Of course, MakerDAO has also disclosed its protocol operating expenses, which amount to an annual operating expense of 96.6 million USD. After deducting operating expenses from protocol revenue, it can yield a 'net profit' of approximately 78.4 million USD, which is also the primary source of MKR and SKY repurchase funds.
Token incentives
One of the reasons for the previous brand upgrade of MakerDAO was that it no longer had surplus MKR reserves to incentivize new business expansion. Currently, MakerDAO's token incentives are mainly used to incentivize deposits of USDS. Since the launch of the incentive program at the end of September 2024, 274 million SKY tokens have been released, amounting to about 17.4 million USD, with an annualized incentive amount of approximately 42 million USD.

Source: Sky official website
Competitive situation
Currently, MakerDAO accounts for 4.57% of the stablecoin market share. Stablecoins are one of the clearest demand tracks for cryptocurrencies, and as a veteran stablecoin, MakerDAO has formed a certain moat, including brand effect and first-mover advantage. This was evident during the last liquidity competition war led by Curve, where DAI, as one of the 3CRV tokens, could obtain a large amount of incentives released by other stablecoin projects without any operation.
However, in the competition for stablecoins, MakerDAO's situation is not optimistic. From the market share in the chart below, we can also see that MakerDAO's market share (the pink block) has decreased during this cycle.

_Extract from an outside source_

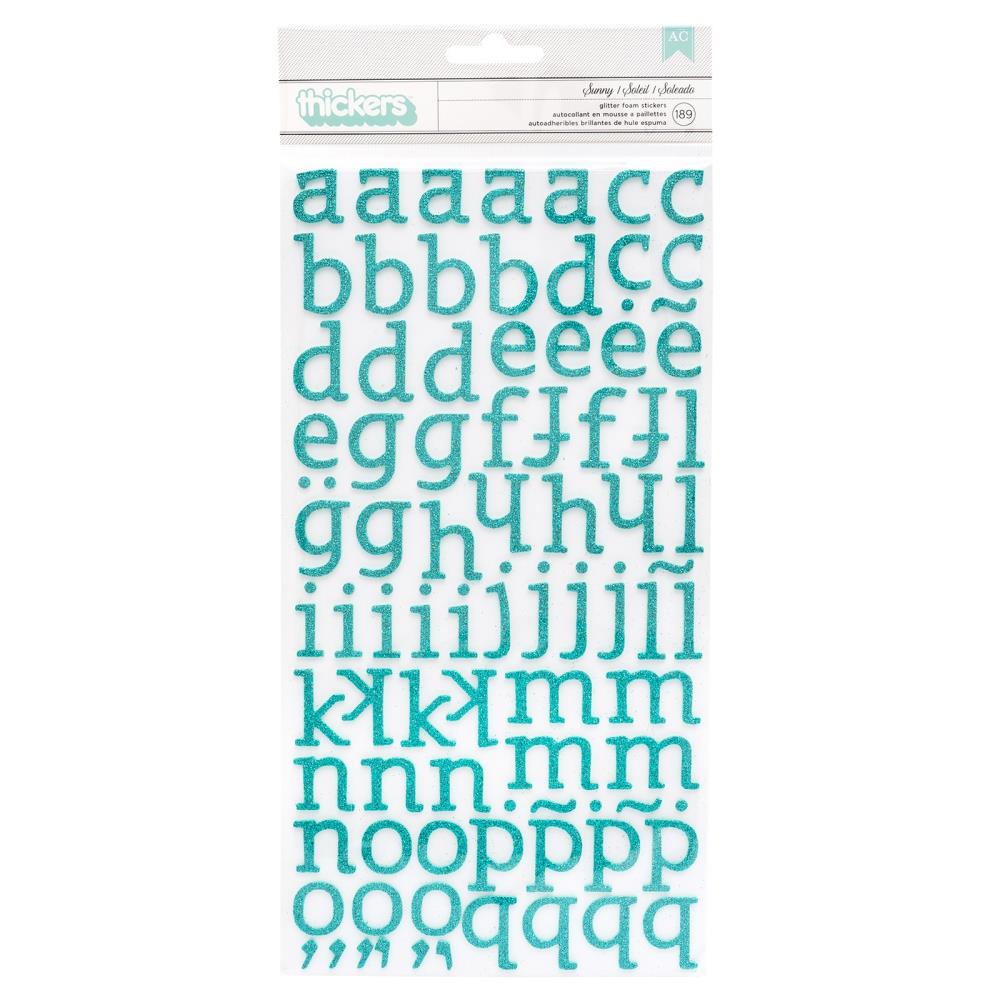 American Crafts - Thickers Glitter Foam Stickers - Sunny - Reef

Market share of the top ten stablecoins, source: Tokenterminal
I believe the most critical factor causing this phenomenon is that DAI, as the third-largest stablecoin, has lost (or never truly had) the function of a settlement tool. Currently, holding USDT and holding DAI is entirely for different purposes: holding USDT is primarily for use as a settlement tool, while holding DAI is for leveraging and obtaining yields. From this perspective, aside from both anchoring to the US dollar, their commonality seems to be limited.
Stablecoins with settlement functions possess excellent network effects. Unfortunately, DAI hardly has such a function anymore, making it difficult to generate network effects.
In terms of issuance scale, DAI's market share has gradually decreased. DAI has yet to return to the issuance scale of its peak in 2021, while the issuance scale of USDT continues to rise, currently doubling compared to the end of 2021.
Stablecoins that only serve as yield tools have limited ceilings, and scale growth relies on continuous yield stimulation, dependent on many external conditions (such as relatively high U.S. Treasury bond yields). How to form long-term organic growth is key to whether MakerDAO can renew itself in the stablecoin market.
Main challenges and risks
The challenges faced by MakerDAO, in addition to those analyzed above, include competition from newcomers.
A new player in the stablecoin space, Ethena, is developing rapidly, having reached a market scale of 60% of MakerDAO within less than a year since launch. Ethena's core product, also targeting yield-generating stablecoins, has a significant advantage over MakerDAO due to its revenue base—'cryptocurrency perpetual contract arbitrage yield'—which is much higher than MakerDAO's 'government bond RWA yield.' In the medium to long term, if government bond rates continue to decline, USDE will demonstrate a greater competitive edge over DAI.
Moreover, MakerDAO's governance capability is also concerning. The MakerDAO team spends 97 million USD each year, yet the governance results are highly inefficient and opaque. The most typical case is after upgrading the MakerDAO brand to SKY, there was a discussion to revert the brand back to Maker, with the whole process feeling trivial.
Valuation reference
With the protocol revenue calculated at 175 million USD, MKR currently has a PS of about 7.54, appearing relatively cheap compared to its main competitor Ethena (22). Historically, MKR's PS has also been low.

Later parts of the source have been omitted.